Thunderbolt () (Piklik Foh) is a 1995 Hong Kong action sports film, starring Jackie Chan and directed by Gordon Chan. The action directors were Jackie Chan and Sammo Hung, and the action scenes were performed by the Jackie Chan Stunt Team. In early North American releases, the film was known as Dead Heat.

Thunderbolt is set around the world of auto racing. The film is multilingual; characters speak Cantonese, English and Japanese interchangeably.

Plot
Chan Foh To is a junkyard mechanic and a part-time race car driver who helps the Hong Kong Police Force in their crackdown on illegal street racing in the country. One night, while helping news reporter Amy Yip and Mr. Lam after their Mitsubishi FTO runs out of gasoline, Chan commandeers the car with Amy inside to chase after a speeding black Nissan Skyline GT-R R32 driven by the dangerous criminal driver Warner "Cougar" Kaugman. In the high speed car chase's climax, Chan traps Cougar in a police roadblock and has him apprehended. However, due to a lack of evidence and a warrant for arrest, Cougar is immediately released from police custody. Chan continues to be harassed by Amy, who wants to do a cover story of him.

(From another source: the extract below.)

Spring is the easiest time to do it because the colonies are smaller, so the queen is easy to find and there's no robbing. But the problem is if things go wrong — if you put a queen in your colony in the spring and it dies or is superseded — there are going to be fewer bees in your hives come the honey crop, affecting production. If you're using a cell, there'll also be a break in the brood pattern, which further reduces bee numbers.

After Chan fends off against Cougar's thugs at his junkyard, Cougar is once again arrested when Chan provides a false testimony under the guidance of Interpol agent Steve Cannon. However, Cougar's thugs raid the police station and spring him out of jail. The thugs kill all but Cannon, who kills Cougar's girlfriend before they get away. Cougar then destroys the junkyard and injures Chan's father Chun Tung  before taking his younger sisters Dai Mui and Sai Mui hostage to force Chan to race him in Japan.

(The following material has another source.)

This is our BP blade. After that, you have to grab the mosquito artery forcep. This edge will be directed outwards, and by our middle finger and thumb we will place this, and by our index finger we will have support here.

Chan and his racing team build him a yellow Mitsubishi Lancer Evolution III race car and prepare for his upcoming race, receiving permission from the police to drive it on the expressway. They arrive in Japan, where Chan storms into and destroys a pachinko hall owned by a yakuza gang before Cougar allows Dai Mui to reunite with her brother. Chan makes the starting grid at Sendai Hi-Land Raceway, but his car is destroyed in a collision. Feeling sympathy for Chan, Miss Kenya, the daughter of a Mitsubishi Motors executive, supplies him with two brand-new white Mitsubishi GTO race cars and a supply of Advan tires for the race.

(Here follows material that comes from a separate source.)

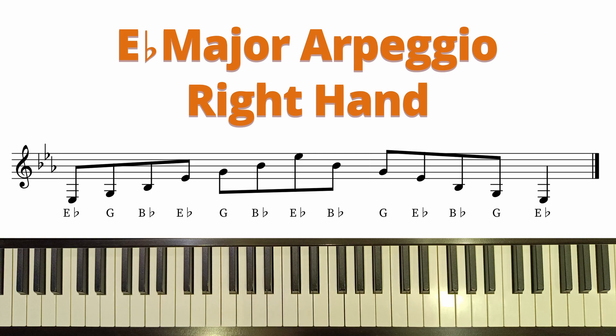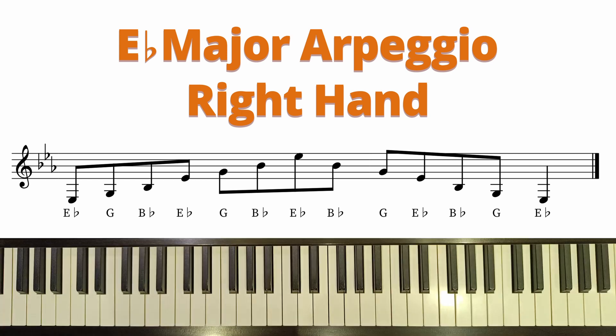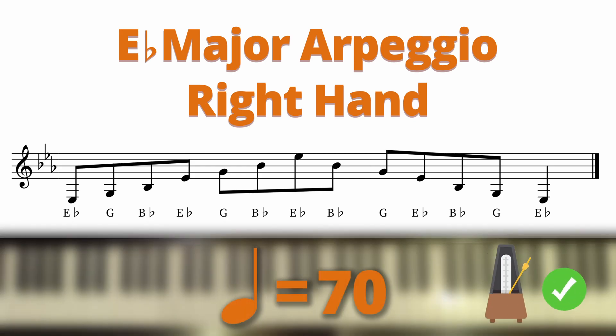The next stage is to try to play it in a faster tempo. Don't worry if you're not able to keep up with the tempo immediately. Let's now play it along with the metronome.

Chan starts at the back of the field, but muscles his way toward the front, despite a 30-second pit penalty and other distractions caused by Amy, but facilitated by the high number of retiring racers. He approaches and battles Cougar for the lead. During the final lap, both cars slide off the track into the gravel pit, facing each other as they struggle to get back on the road. Cougar gets out first, but Chan floors it in reverse before both cars cross the line in a photo finish. Chan wins the race during the spin back forward when his front end touches the finish line first. Cougar attempts to flee from the police, but Chan chases him around the circuit before sending him crashing violently off the track. Chan pulls Cougar out of the burning wreckage for the police to arrest him, and Cannon reveals that he and his team rescued Sai Mui. He then reconciles with Amy and kisses her.

Cast
 Jackie Chan as Chan Foh To / Feng Jim / (Alfred Tung in the U.S. version) (doubled by Chin Kar Lok, Collin Chou and Sam Wong)
 Anita Yuen as Amy Yip / (Amy Ip in the U.S. version)
 Michael Wong as Steve Cannon
 Thorsten Nickel as Warner "Cougar" Krugman
 Rebecca Penrose as Cougar's Girlfriend
 Chor Yuen as Uncle Chan Chun Tung, Foh's father (Alfred's father in the U.S. version) (as Chor Yun)
 Wu Oi-Yan as Dai Mui (Daphne in US version) (as Daisy Wu Oi-Yan)
 Annie Man as Sai Mui / Xiao Wei (Sammi in the U.S. version) (as Man Chung-Han)
 Yūzō Kayama as Coach Murakami
 Kenya Sawada as Saw
 Ken Lo as Kong (as Low Houi Kang)
 Dayo Wong as Mr. Lam (as Wong Tze-Wah)
 Chin Kar-lok as Mirakami's assistant (Ka Lok Chin in the U.S. version) (Chin Ka-Lok in the German version)
 Corey Yuen as The Doctor (Corey Yen in the U.S. version) (Cory Yuen in the German version)
  as Miss Kenya
 Yung Kam-Cheong as Mechanic Cheong (as Peter Yung Kam-Cheong)
 William Tuen as Koo / Ku / Saw's thug
 Bruce Law as Bruce (as Bruce Law Lai Yin)
 Patrick Han as John
 Joseph Cheung as Traffic Officer Joe
 Lam Wai-Kong as Inspector Cheung (Joe in the U.S. version)

Production
Filming took place on several race track locations, including Japan's Sendai Hi-Land Raceway and the Batu Tiga Circuit in Shah Alam, Malaysia.  Variety estimated the budget at almost  ().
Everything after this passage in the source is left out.